There are sites in which the territories and tribes of literacy continue to be demarcated in this way, but this was a map that, in my view, enjoyed a longer life than it deserved, due largely to its connection to the burgeoning market in reading education products, and the ease of over-relying on the classroom scripts provided in many of these products (Shannon 1983 and 2001 expand eloquently on the effects of these trends and ways to resist them).
A key feature of the last 40 years, and one that educators with special interests in English and literacy must factor into their understanding of the professional and media churn around them, is the massive increase in this commercialisation of education, again, most dramatically felt in the area of language and literacy learning. Many primary English teachers have come to see their responsibilities as being about the integration of the preoccupations of both English education and literacy education. Many have long known, some of whom appear even in the review of primary literacy and language education conducted by Edmund Huey in 1908, that primary English education, including the ‘English language arts’, is charged with preparing students both for secondary English studies, and for the language and literacy demands of pretty much everything that we could imagine at the time as laying in wait for young Australian students. 5
The state of English
While these things were happening in reading / literacy education at the time of PETAA’s inception, much was afoot in English as well.

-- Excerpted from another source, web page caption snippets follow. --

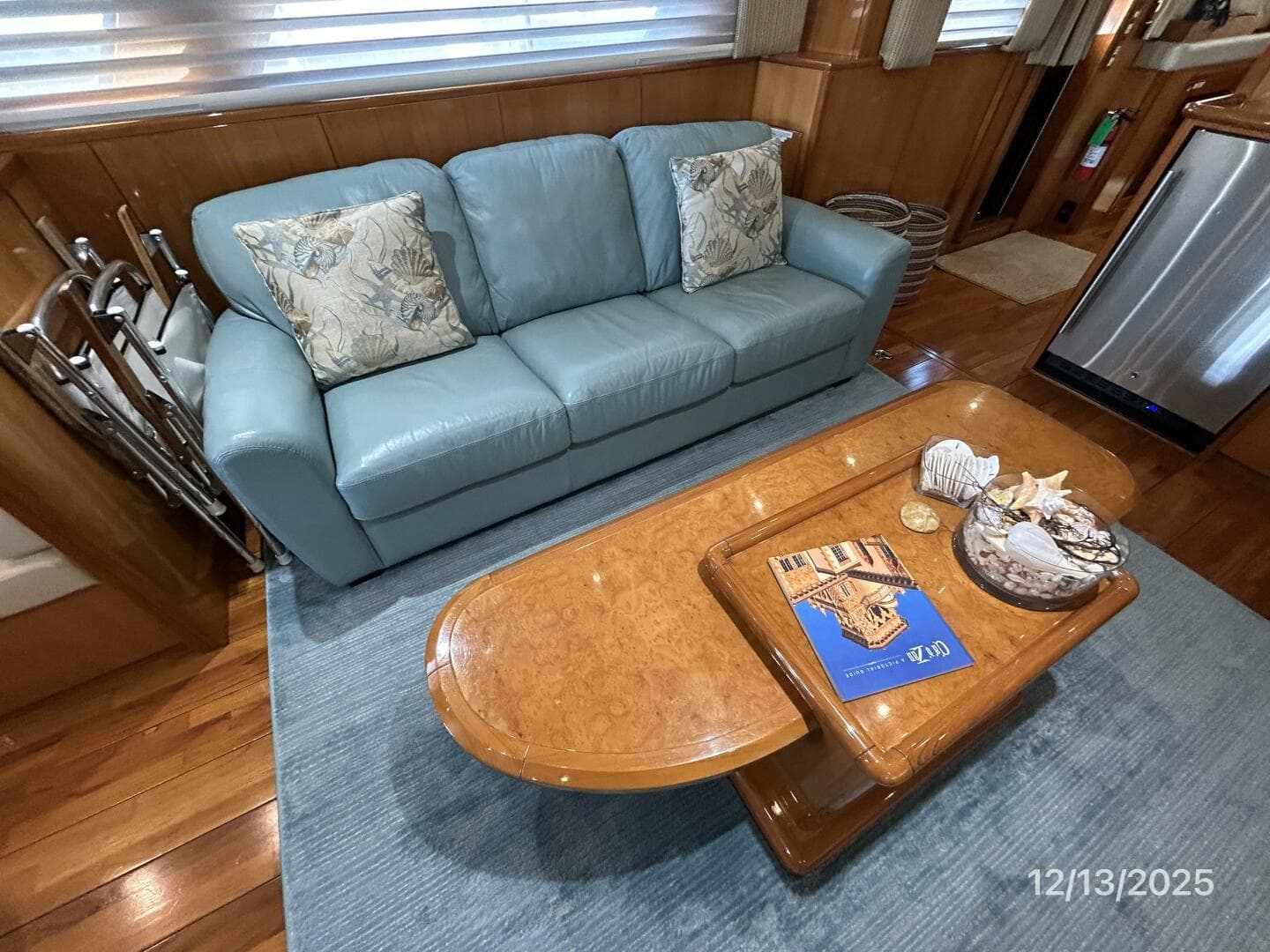 60' Jefferson salon port seating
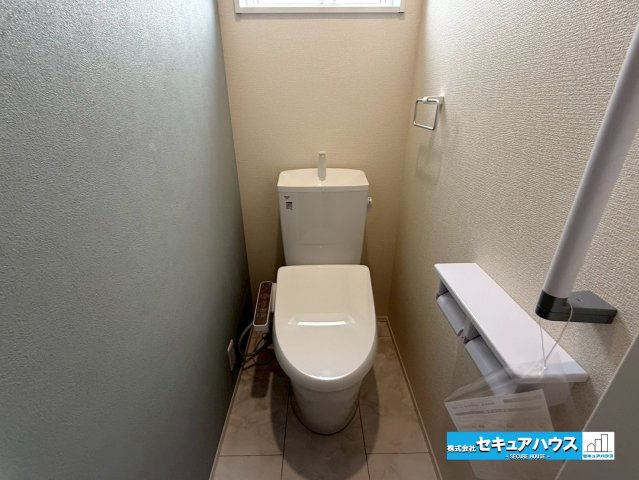 【本日ご案内可能】日進市梅森台　全3棟の洋室|【洋室】
◆広々とした居住空間は日々の暮らしを彩り、心のやすらぎと満足感を与えてくれます。通風と採光を考慮した設計は子供たちはのびのび育ち、家族でくつろぎと団らんを生み出します。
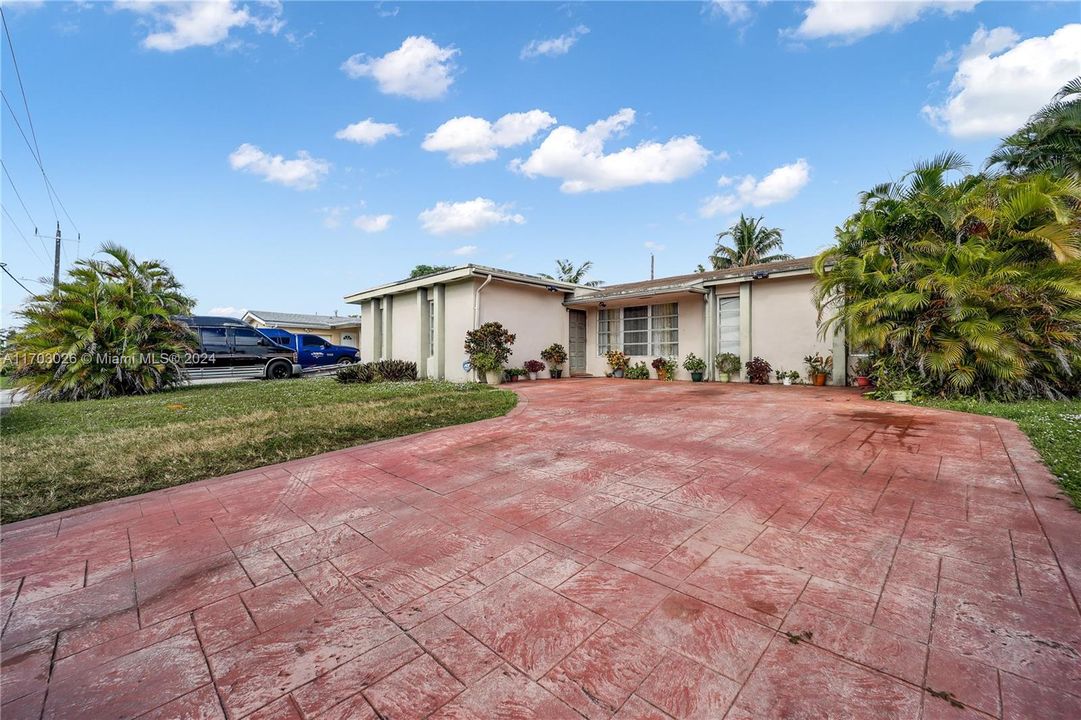 For Sale: $470,000 (3 beds, 2 baths, 1733 Square Feet)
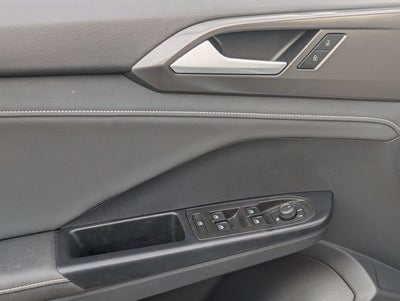 2025 Volkswagen Taos SE Black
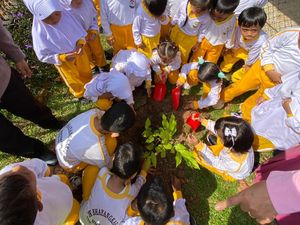 Polda Riau Ajak Anak-anak TK Tanam Pohon Lewat Dongeng Si Agip Polda Riau Ajak Anak-anak TK Tanam Pohon Lewat Dongeng Si Agip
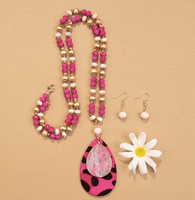 FUCHSIA LEO PENDANT ON BEADED LONG NECKLACE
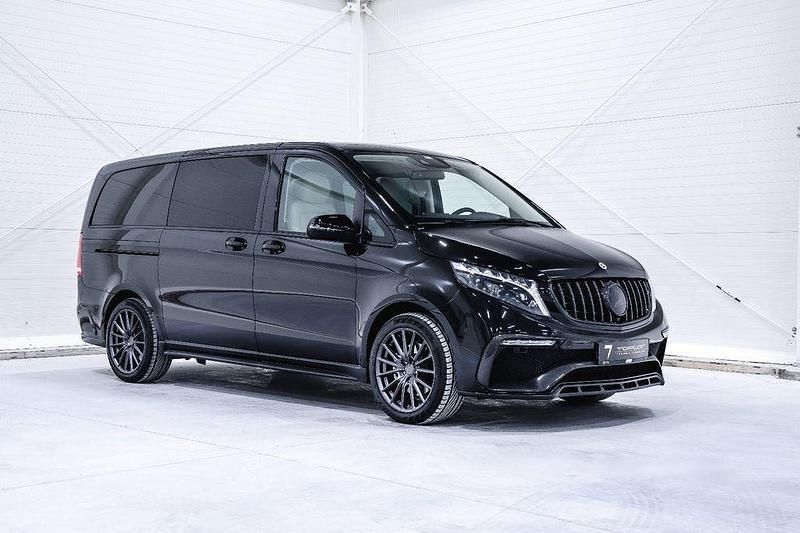 Schwarz Gebraucht 2023 Mercedes V300 Van / Kleinbus | 92.820 € - Bild 1/4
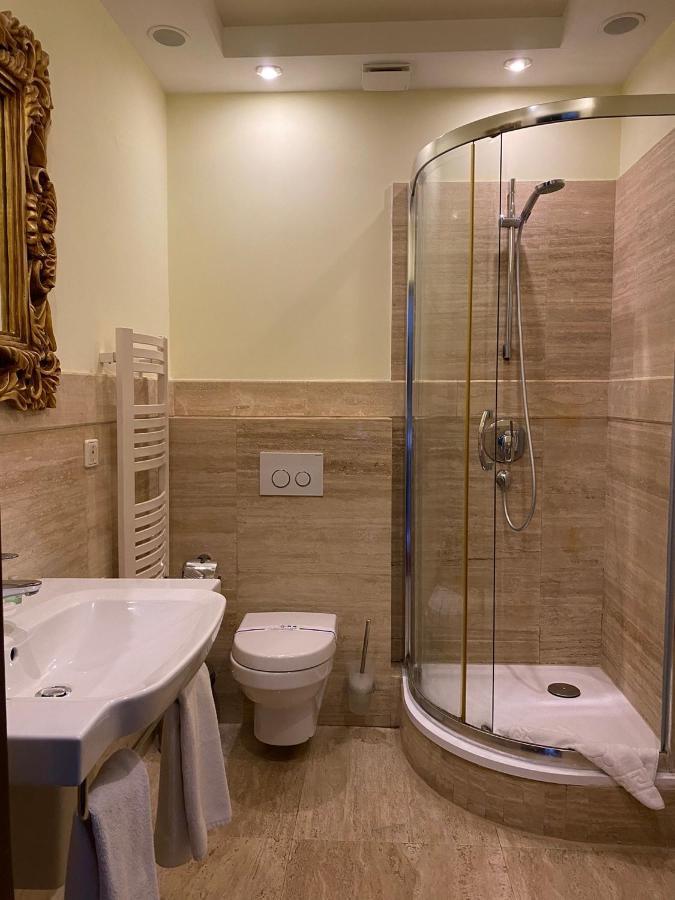 Delice Hotel Lviv Kültér fotó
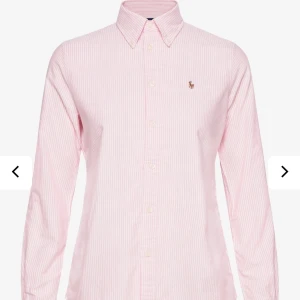 RALPH LAUREN SKJORTA - Endast använd fåtal gånger, storlek M!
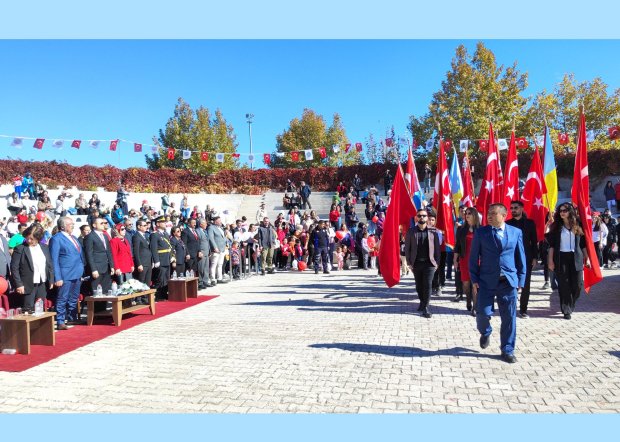 29 Ekim Cumhuriyet Bayramı Avanos'ta coşkuyla kutlandı.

Perennially, indeed long before formal schooling in English language and culture became a feature of English-speaking societies, there has been a tussle between the technical-rhetorical and the cultural-heritage wings of English studies (Freebody, Barton & Chan, in press 2013). The contesting claims for territory were devoted to, on the one hand, the study of the structures of a range of spoken and written language uses, and, on the other, ‘belles lettres’. 6
Crawford (1998) has argued that there were two crucial moments in which a redefined notion of English was recruited as a solution to cultural crises. The first of these was the unification of the crown in 1707 — the production of ‘Britain’. This event fairly suddenly introduced the need to cater culturally and thus educationally for linguistic and literary differences in the process of establishing a ‘united kingdom’ across speakers of different language and dialects.

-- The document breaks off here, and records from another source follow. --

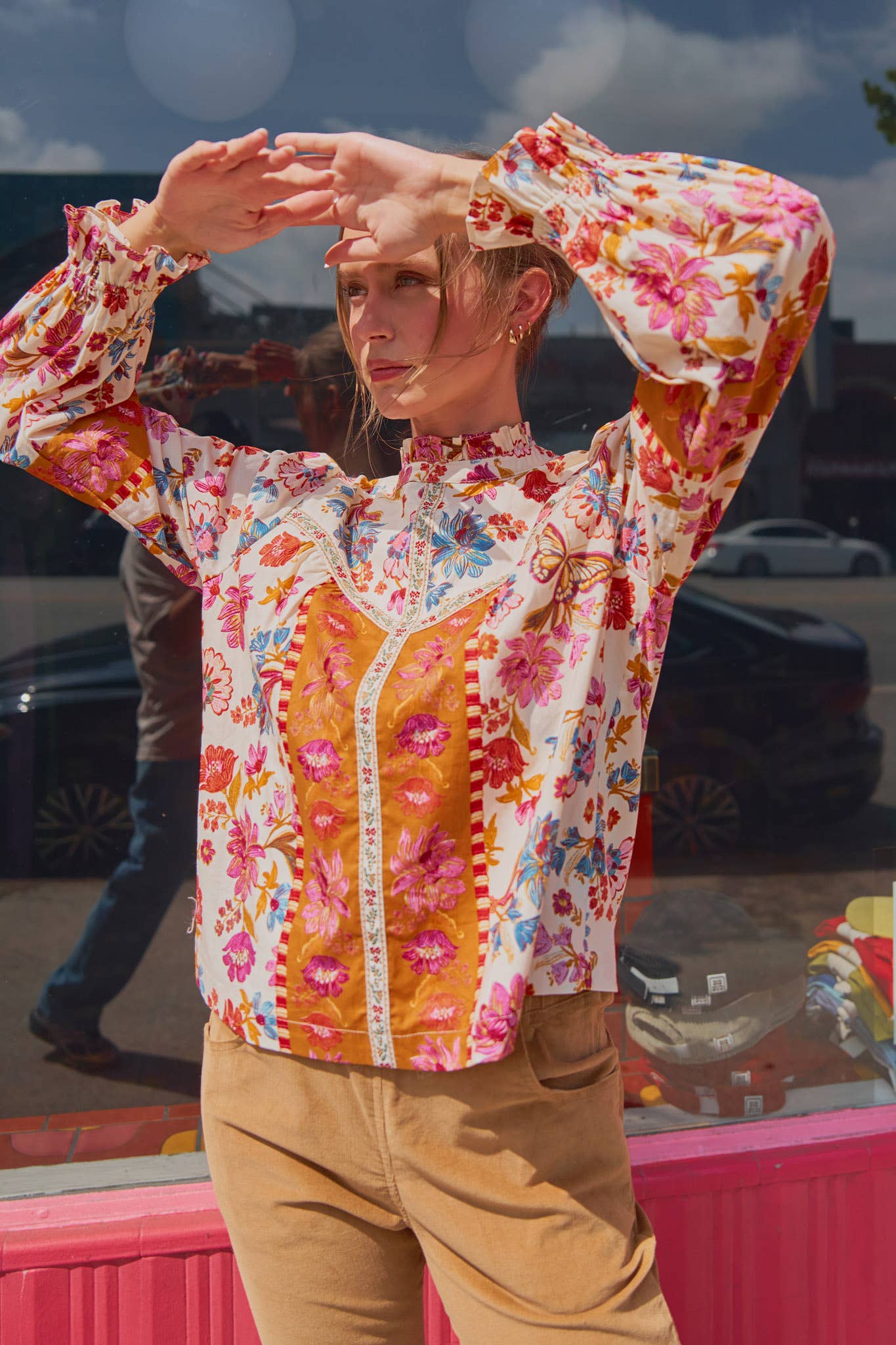 EXCLUSIVE FLORAL BORDER PRINT TOP WITH FLORAL TRIM MTP4097 - Suburban Boho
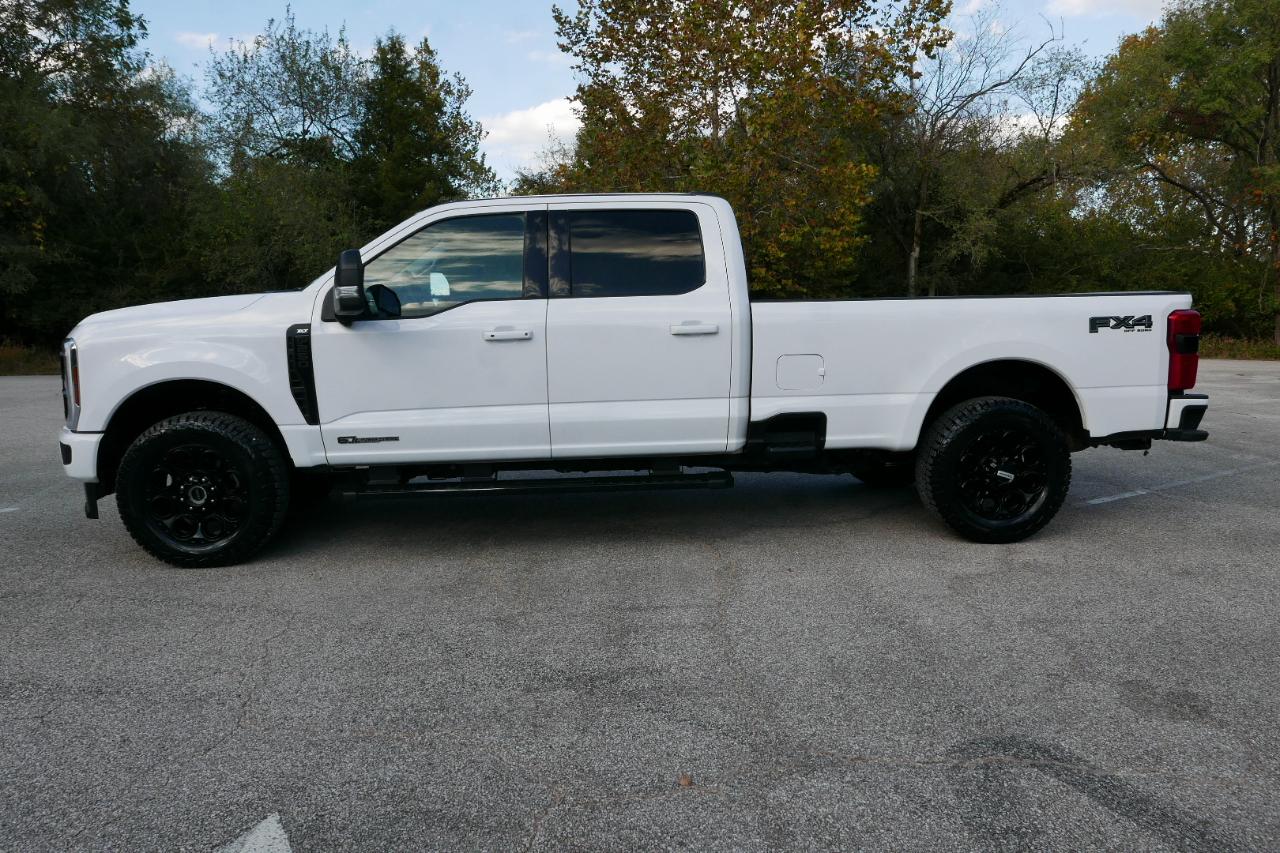 Ford Super Duty F-250 SRW XLT 4WD Crew Cab 8' Box 2025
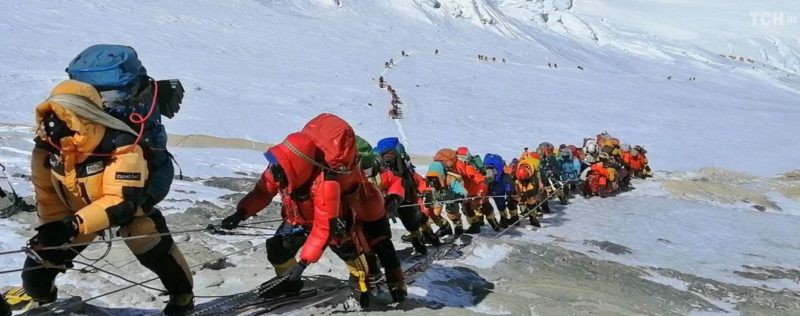 Плата за покорение Эвереста увеличилась втрое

The problem was particularly acute in the case of the
relationship between England and Scotland (a matter that seems almost
resolved a mere 305 years later). Hence, the first university department
of English language and literature was established in Edinburgh, a fact
proudly announced on the first page of their new website (University of Edinburgh,
2012). It embodied the Scottish ruling class’s determination to access
the valued language and cultural codes of their powerful southern
neighbours, as a step along the way of sharing in their economic and
military expansion. Languages and dialects were lost along the way, and
others almost lost, as a result of this ‘education in English’.